Por Fernando Brito*
Ontem, no final da tarde, inicio da noite, a calçada da Visconde de Pirajá, por sete ou oito quadras era pródiga em lições de economia, de sociologia, de filosofia e uma prova a medir quanto nos resta de humanidade.
Ipanema, bairro rico da cidade, primeiríssimo mundo, gente bem cuidada e bem vestida – ainda mais nestes tempos de frio – , está vazia. É inverno, não há turistas, os bares já não existem como antes, quase todos amesquinhados pela “gourmetização” da classe média, com nomes e cardápios estranhos e bestas.
Na “ida” da caminhada, como é comum nestes tempos, alguns pedintes, embora em maior número do que em tempos recente. Sessenta anos de Brasil injusto, porém, acostumam a gente a estas cenas, ainda que não nos levem à indiferença.
Na volta, porém, a noite caíra e o frio – nem tanto quanto na véspera, é verdade – fazia brotar, diante das lojas fechadas, pelo horário ou pela crise – um jardim monstruoso de papelão e de cobertores rotos a servirem de ninho a gente, gente e mais gente que se começava a se preparar, como bichos no crepúsculo, para a hibernação na rua.

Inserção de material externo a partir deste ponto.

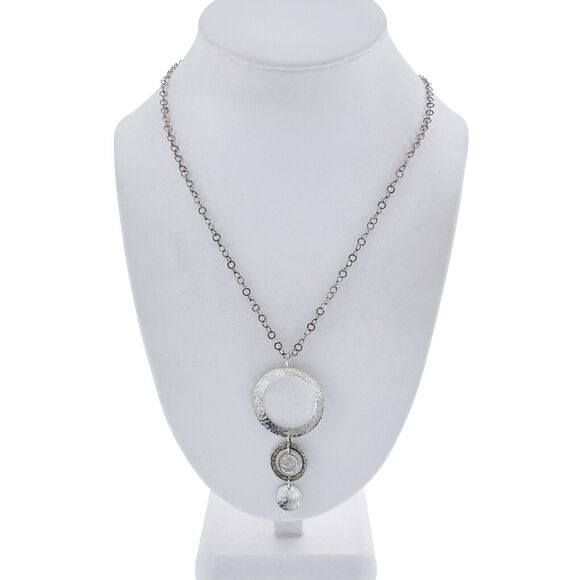 Vintage Israel Silpada Sterling Silver 925 Triple Disc Pendant Necklace 18.5" - Picture 1 of 5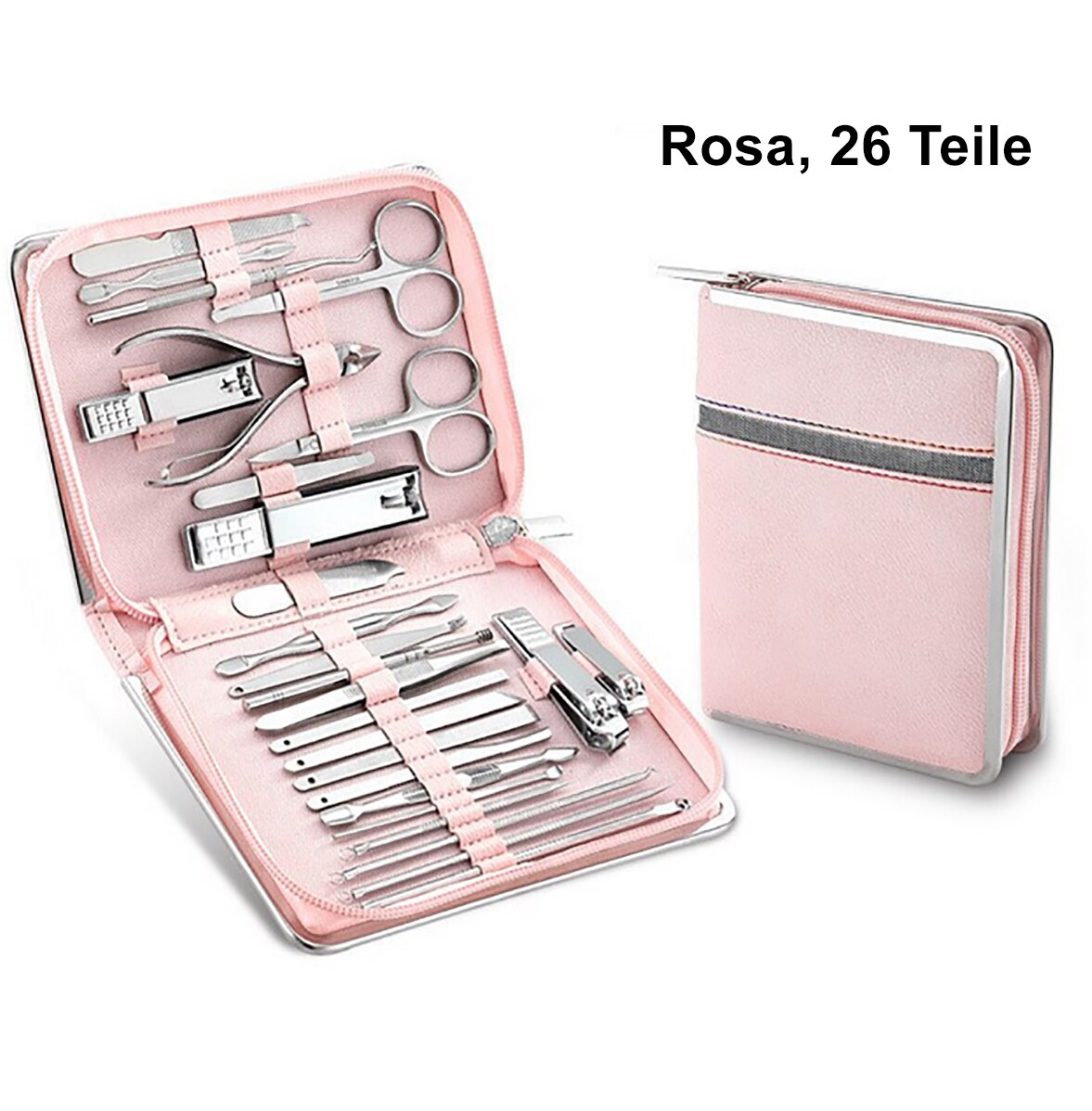 TPFBeauty Maniküre- & Pediküre-Set 26-teilig aus Kunstleder - Schwarz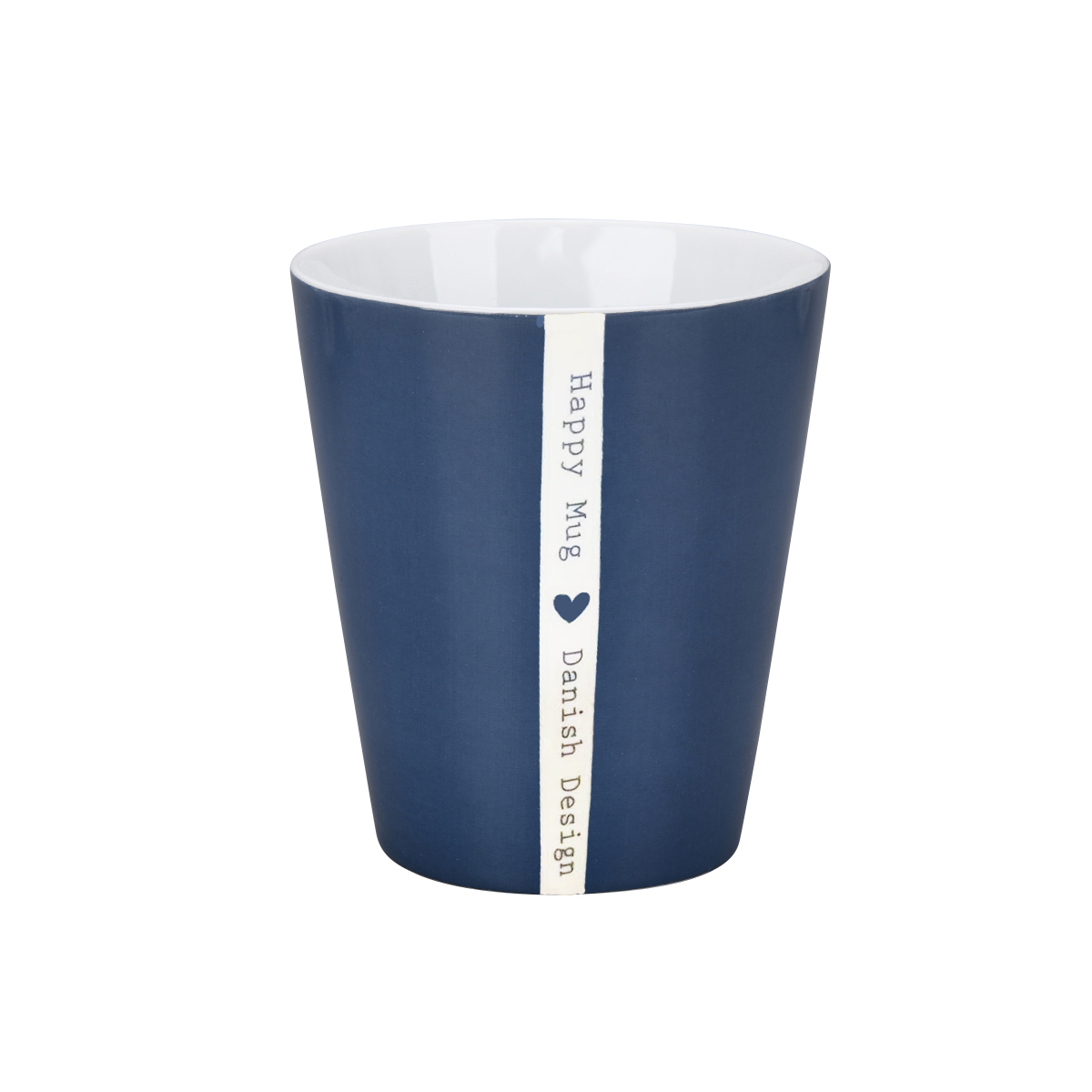 Tasse dunkelblau, Herz, Happy mug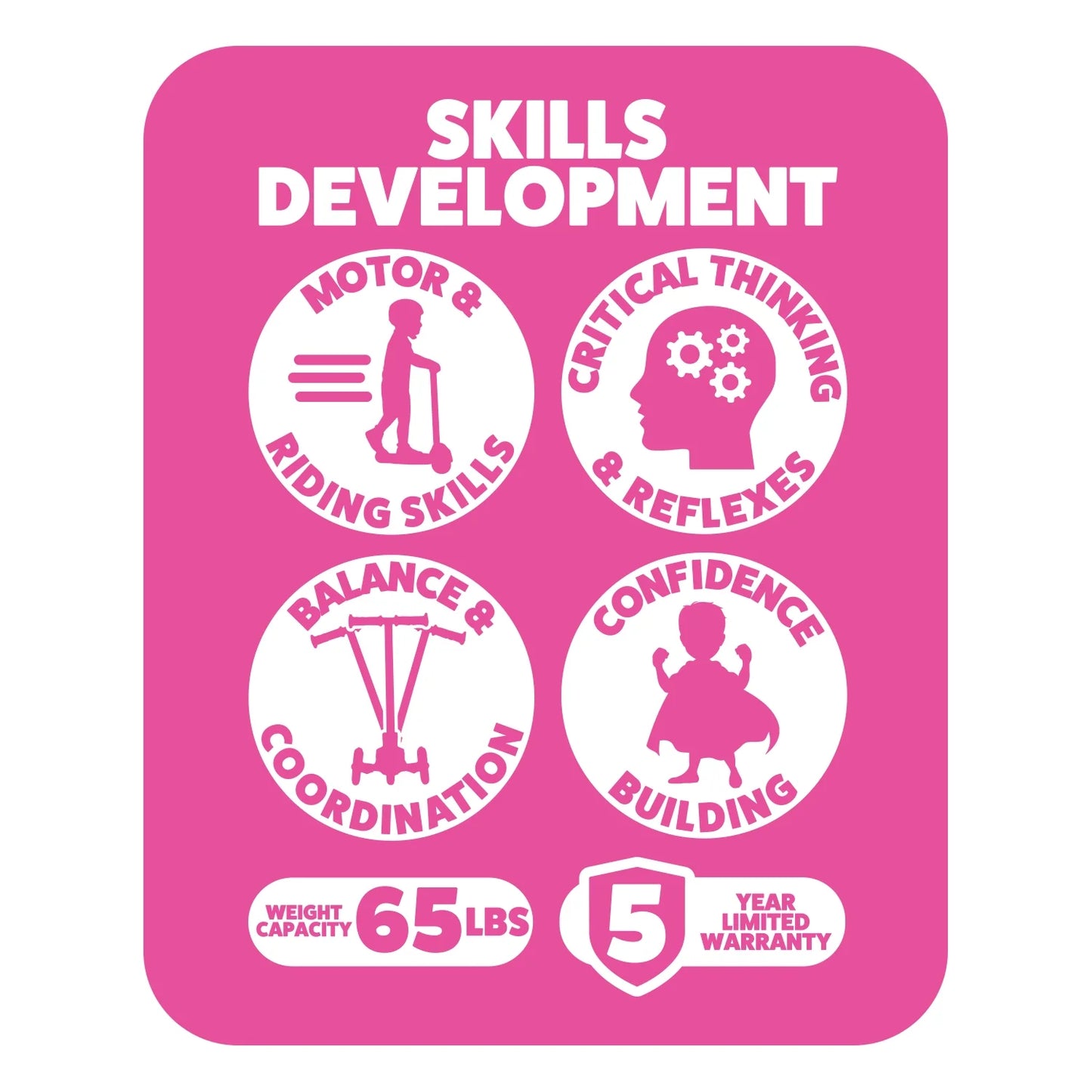 Jr 3 Wheel Scooter & Helmet - Pink 3+ - Super-Bright Light up Wheels - Unisex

Aqui e ali a uniformidade da miséria se quebrava: uma senhora idosa, a pele do rosto vincada pelo tempo, sentada sobre um degrau, comia os restos de uma quentinha, talvez a sobra do que conseguira na generosidade do dia; um ou outro cão, destes da raça “não-pet” que saltita, feliz, a provar que amor não é privilégio nem do dinheiro nem do ser humano; o garoto, aí de uns onze-doze anos que cuida, carinhoso da irmã pequena, enquanto a mãe ou quem lhe faça às vezes sai para a caçada de esmolas…
O trabalho de procurar poesia no que faz, a eles e a quem os vê, humanos é, porém, tanto doído quanto cínico.
O blogueiro pensa em tirar fotos, mas o sujeito que o abriga não permite: não posso tirar mais deles nem a imagem, nem o anonimato, não posso os tratar como objetos da curiosidade pública.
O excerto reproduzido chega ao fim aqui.